PUTRAJAYA: Trust is the name of the game for Higher Education Minister Datuk Seri Mohamed Khaled Nordin, (pic) as he ends the practice of political appointments within the ministry, it’s institutions and affiliated agencies.
He said the ministry must be “professional, fair, objective and non-political” when selecting leaders, as well as implementing its national policies and programmes.
He said the sector needed to be excellent and efficient, and this would begin with having leadership that could perform authoritatively.
“Public higher education institutions (IPTA), private higher education institutions (IPTS) and even polytechnics and community colleges are all receiving the brunt of the loss of trust nationwide,” he said in his New Year’s message to ministry staff yesterday.
“From this moment on, I will ensure that the selection of leadership will be a strict, thorough and objective process because we want to find the most qualified and authoritative figures.”
He said the process to fill roles in institutions, especially for vice-chancellors and their deputies, will be an open and transparent one.

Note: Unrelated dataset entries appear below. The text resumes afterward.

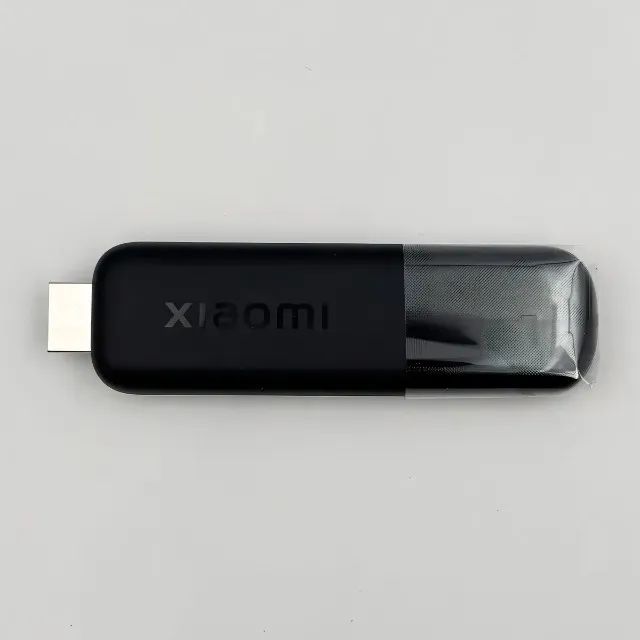 Mi Tv Stick Xiaomi 4K 2ª Geração 8GB 2GB Ram MDZ-27-EU | Novo com garantia | Nexo Store - Foto 3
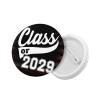 CLASS OF 2029 GRADUATION High School College Senior Adult Dust Mask Adjustable Dust Face with 2 Filter52 view 3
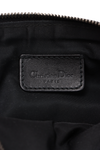 VINTAGE DIORISSIMO SADDLE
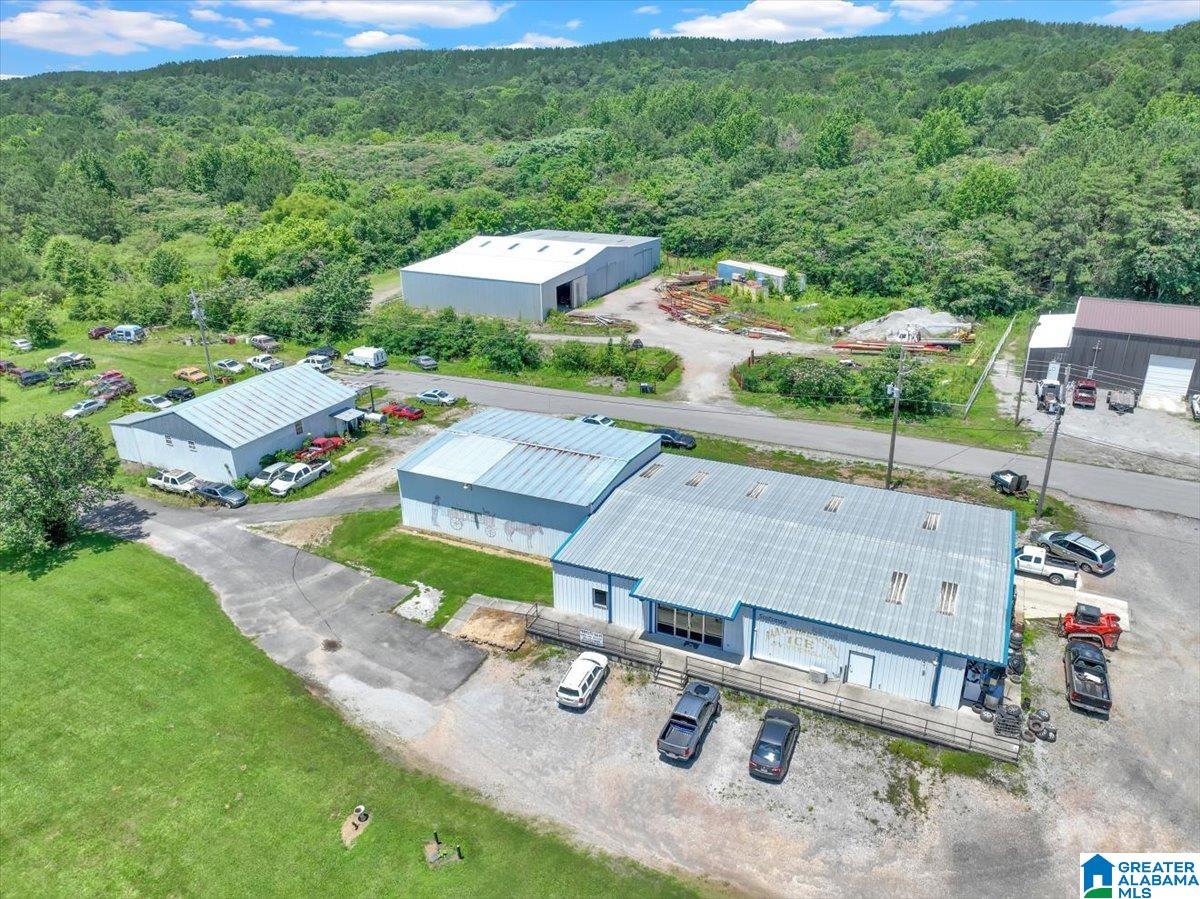 1788 HORSECREEK BOULEVARD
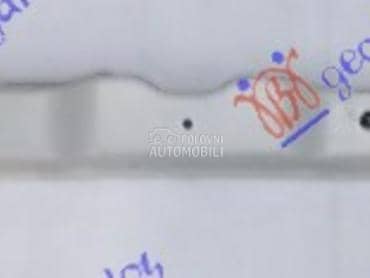 VEZNI LIM GORNJI za Suzuki Splash od 2007. do 2012. god.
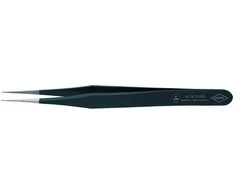 Pincetas Knipex 922870ESD; 110 mm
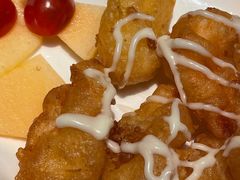 -荣小馆(临海世纪花城店)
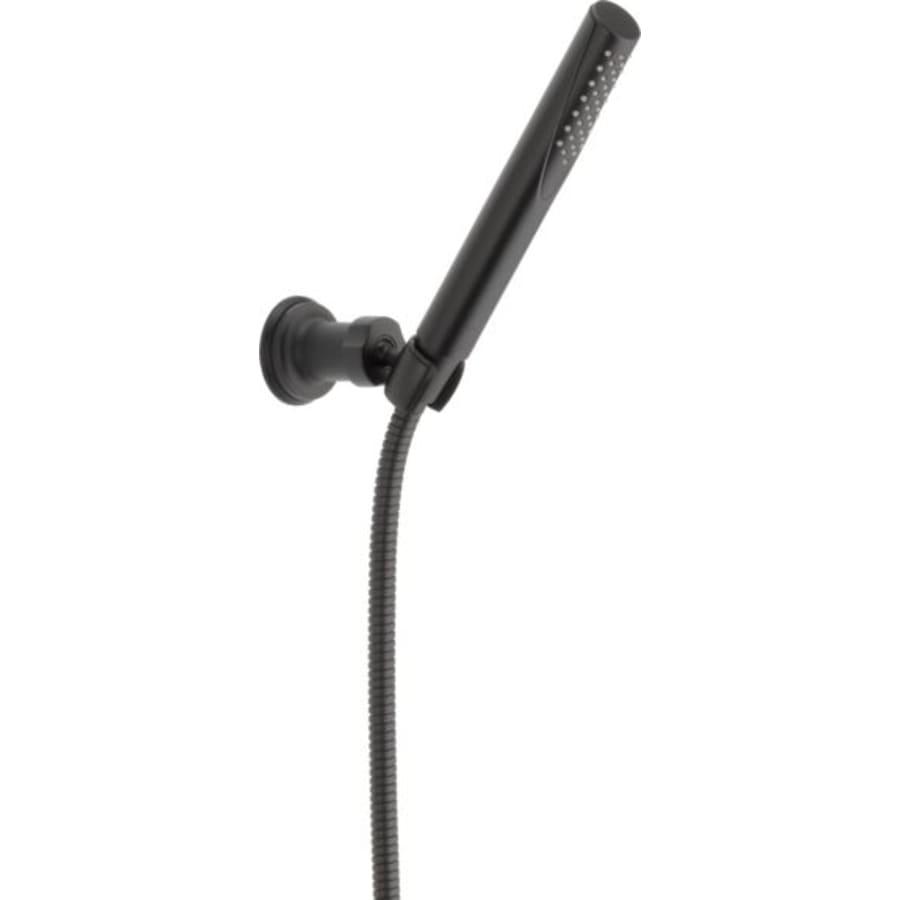 Trinsic 1.75 GPM Single Function Hand Shower Package - Includes Hose and Holder - delta-55085-bl@2x.jpg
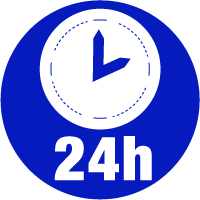 Programmation
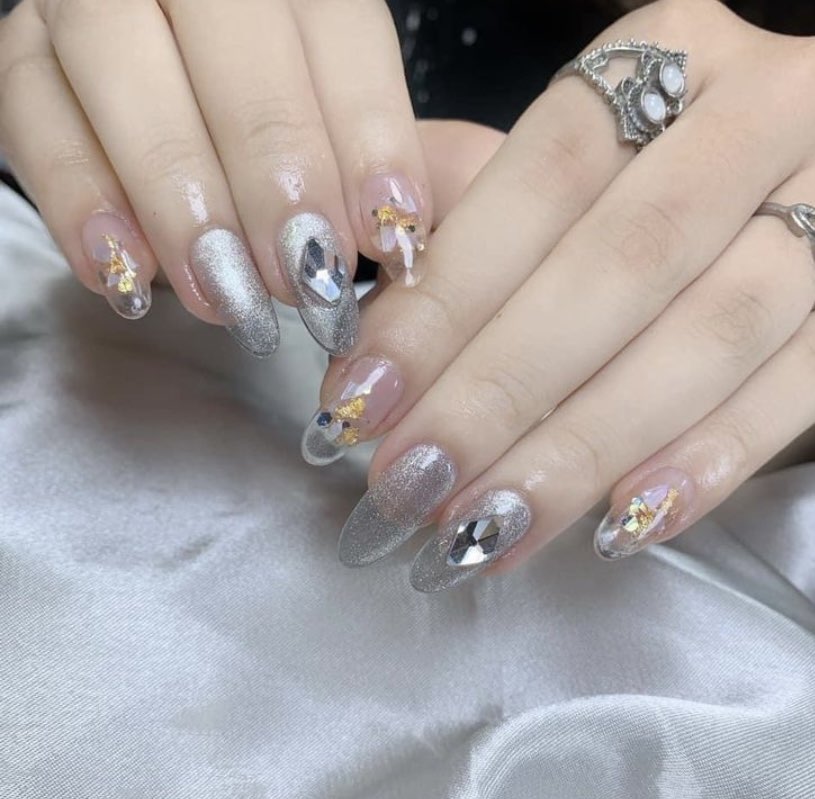 LẦN 3 (96)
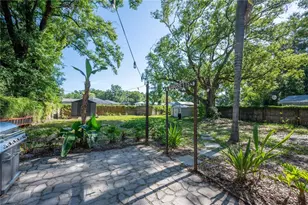1037 Josephine St, Lakeland, FL 33815 - Photo 26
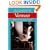 The Cambridge Companion to Vermeer (Cambridge Companions to the History of Art)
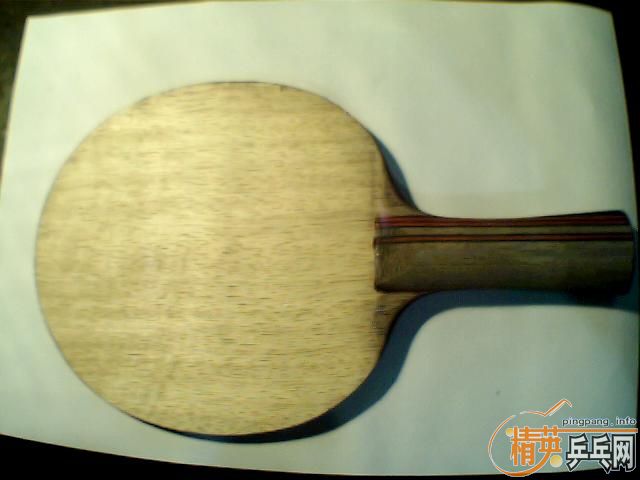 ���װ�ͦ��alpha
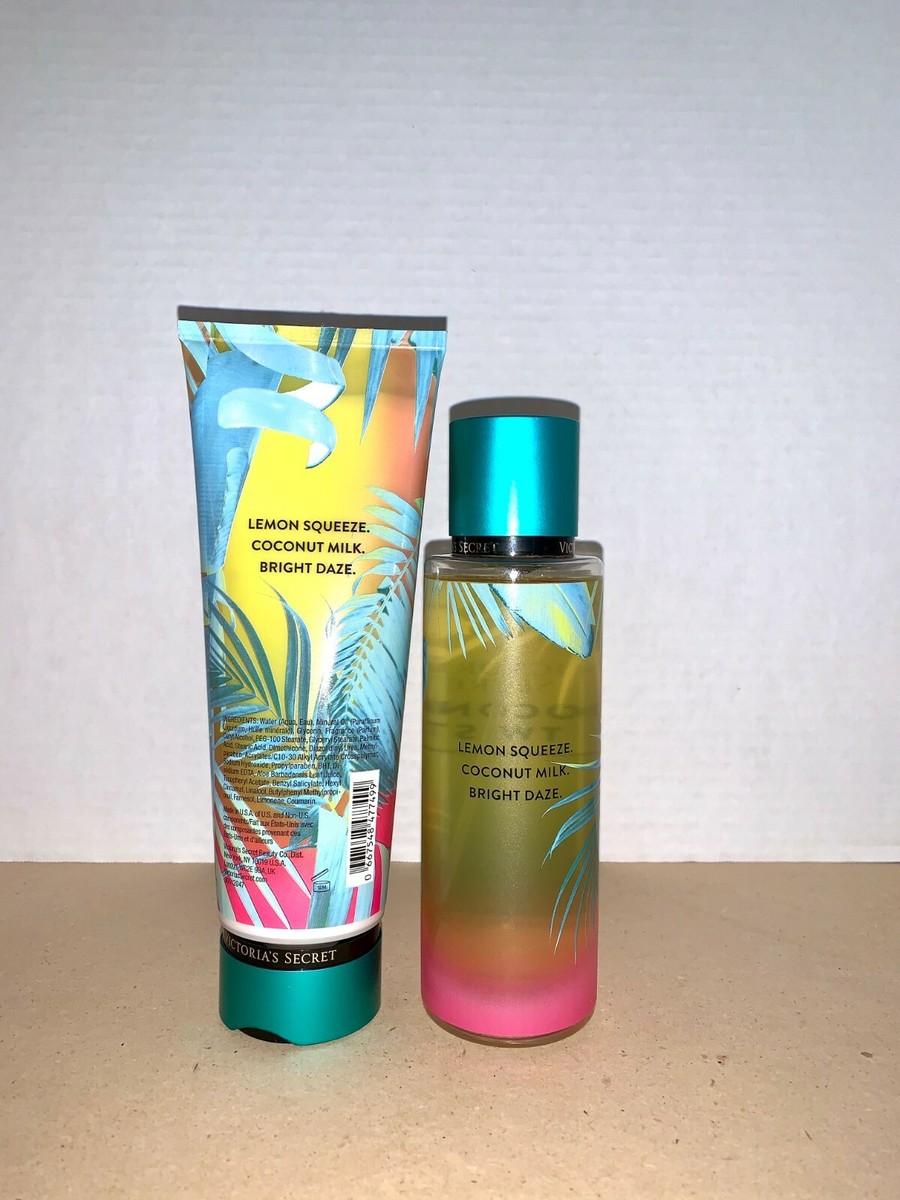 Victoria’s Secret フーディー&レギンスセット Victoria's Secret Sport & Activewear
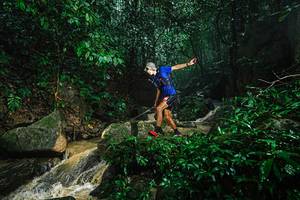 BIB: 
                            <button type="button" onclick="openModal(25141324)" class="btn btn-primary btn-sm float-right btn-popup" data-toggle="modal" data-target=".modal-high-quality">
                        <i class="fas fa-shopping-cart"></i> Add to Cart
                    </button>
                                            <button type="button" onclick="isThisMe(25141324, true)" class="btn btn-success btn-sm float-right btn-popup btn-isme hidden" data-toggle="tooltip" data-placement="bottom" title="นี่คือรูปของคุณใช่ไหม คลิกที่นี่เพื่อเอาเข้าอัลบั้ม">
                        <i class="fas fa-plus"></i> Add to album
                    </button>
                    <button type="button" onclick="isThisMe(25141324, false)" class="btn btn-warning btn-sm float-right btn-popup btn-isnotme hidden">
                        <i class="fas fa-ban"></i> Remove from album
                    </button>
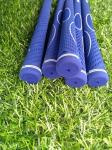 child golf grip , golf grips , golf grip , kid grip , rubber grip , round grip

This would be ensured by reinstating and streamlining the functions and roles of the Higher Education Leadership Academy (Akept), he pointed out.
Last October, the Institute for Democracy and Economic Affairs (Ideas) think thank said the nation had 234 political appointments made from August 2021 to September 2022, with the Higher Education Ministry having the most appointments at 10.
Mohamed Khaled said Akept must do more than just selecting and training heads of higher education institutions.
“More importantly, Akept must design a programme to boost talented leaders, be it from Malaysia or other developing countries, to become world-class higher education leaders,” he added.
Mohamed Khaled said he would form a National Review Committee tasked to ensure the ministry’s plans and agenda were in line with the national aspiration of developing Malaysia Madani.
He said the committee had three months to present its findings, mostly centralised on improvements for the ministry.
“We need more sophisticated, sustainable and contemporary plans and strategies,” he added.